An issue that came up is that we needed to have a primitive nth root of unity in our modulus, so p=2013265921 wouldn’t work most of the time. My solution is to simply write a list of large primes such that for every n in the range [1…30000], there is a prime p in the list where p ≡ 1 (mod n). To meet the 50000 bytes program limit I had to compress the list and decompress it at the start of execution.

The first thing I thought of is that the normal FFT algorithm can be extended. In FFT, we split into two parts of size n/2 and then combine in O(n) time, but it is possible to split into p parts, each of size n/p, for any prime p dividing n, and combine in time O(p·n). If we continue to do this for all prime factors of n (considering multiplicity), we will eventually be able to compute the DFT!

The only problem is that p can be large. If n is composite, then we can always find a p ≤ √n ≤ 173, and O(p·n) will be waitable. But if n is prime, then O(p·n) = O(n²) which is clearly too slow. So I had to think more of how to solve that part, but for now this approach works well if n doesn’t have large enough prime factors (I tried implementing this first and submitting, and the judge indeed gave the expected TLE).

At this point I took a dinner break, and while walking to the store I thought of a cool idea. Why not combine my two previous approaches? I figured that if n has a large prime factor, it cannot have that many divisors, so my first algorithm would work well! I became very excited with this idea and I tried implementing it immediately (after eating), having only needed to do a few copy-pasta. Sure enough, the solution didn’t get TLE! Unfortunately, it got WA.

Of course it turned out later that it only got WA because there were some issues with the judge data. After rejudging, this solution got accepted (link here). However I didn’t know that it was correct at the time, so I suspected that working modulo primes was bad after all.

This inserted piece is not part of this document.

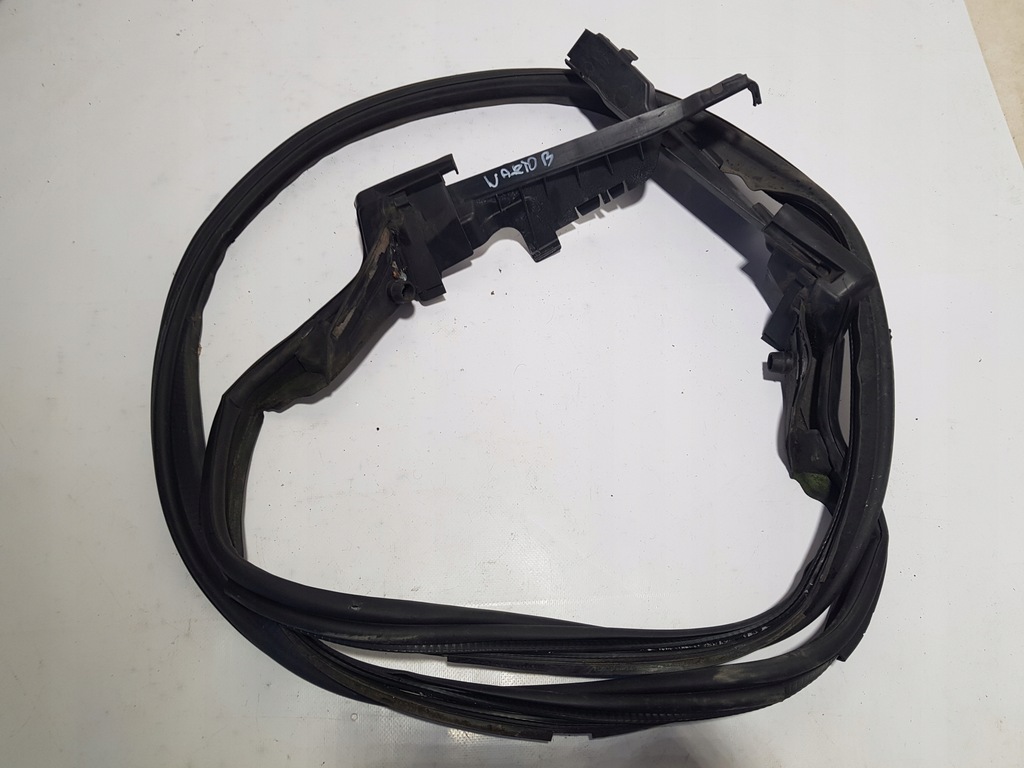 фото №1, Прокладка крышки багажника a1727500098 mercedes slk r172 w172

At this point I felt that solving DFT problem for prime sizes was the best approach, so after a bit of research I found two algorithms, Rader’s algorithm and Bluestein’s algorithm. Both solutions are amazingly simple and clever, and work in O(n log n). Bluestein’s algorithm has a bonus that it works for any size, not just prime sizes, but for some random reason I decided to use Rader’s algorithm, perhaps because I already have code for finding a generator for a given prime p.

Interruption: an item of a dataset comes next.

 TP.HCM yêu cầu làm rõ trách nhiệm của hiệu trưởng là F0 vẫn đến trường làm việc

There were a few details to consider, but I was able to finally implement it (link here). However the judge still gave WA (because of judge data issues). At this point I concluded that there must be something wrong with the data, or the data is too clever that it somehow finds a bad input to my essentially random list of primes (out of desperation I even tried to submit a double-precision version of FFT, which of course got WA)! Since I felt the former to be more likely, I simply gave up and waited until perhaps things got resolved. Sure enough, I later found @mugurelionut being able to solve it, followed by @djdolls, with no WAs in between! Since I found this rather unlikely, I tried to submit my latest solution and sure enough it got AC. I felt a lot of relief afterwards, knowing that I can finally move on with my life!

It was indeed very frustrating to get many WAs due to the issues with the judge data, but I think there has been some positive side effect on me because I was able to learn a lot of new things. So thank you @KADR for proposing the problem, and I hope you handle the input/output files correctly next time!

jaskaran_1 · December 17, 2013, 1:57am

@xelios I had given the incorrect link. I’ve edited it.Could you check it now?It works for 1 1 0.